Entre a urgência e a paciência

Entre a urgência e a paciência

O filósofo René Descartes era um homem inquieto, atormentado pelas perguntas que não conseguia responder. Possuía um espírito inconformado e não gostava de meias verdades, deixar as tarefas para depois. O texto abaixo, que circula anonimamente pela internet, coaduna-se um pouco com a filosofia do pensador que morreu há mais de 300 anos. “Depois?
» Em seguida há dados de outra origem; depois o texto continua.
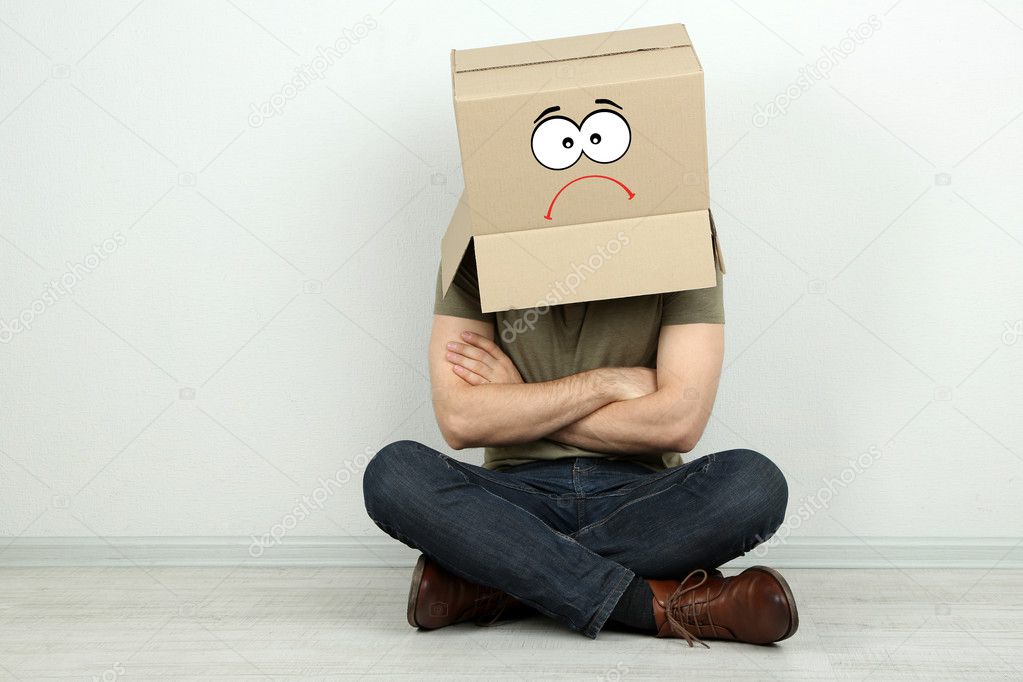 Man with cardboard box on his head sitting on floor near wall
Depois o café esfria, depois a prioridade muda, depois o encanto se perde, depois o cedo fica tarde, depois a saudade passa... Depois tanta coisa muda... Não deixe nada para depois, porque na espera do depois, você pode perder os melhores momentos, as melhores experiências, e os melhores e mais sinceros sentimentos”.

Mas será mesmo que a urgência do agora deve suplantar a paciência do depois? O ser humano lida com a incerteza diariamente e está exposto a tecnologias que estão mudando padrões de comportamento. Sempre há uma nova mensagem para responder imediatamente, algo imperativo que não pode esperar. As pessoas estão ficando vidradas nos aparelhos, com olhares fixos, voltadas para baixo. Os momentos desconectados são cada vez mais raros, há uma correria insana para manter-se atualizado, embora ninguém saiba o que isso significa. A tranquilidade está sendo atropelada. À frente, está surgindo um abismo colossal que separa a vida de agora daquela que ainda está porvir. Se ainda estivesse vivo com o seu cartesiano pensar, provavelmente, Descartes pediria “um tempo” para examinar “agora” essa impaciente contradição que se instaurou entre a urgência e a paciência.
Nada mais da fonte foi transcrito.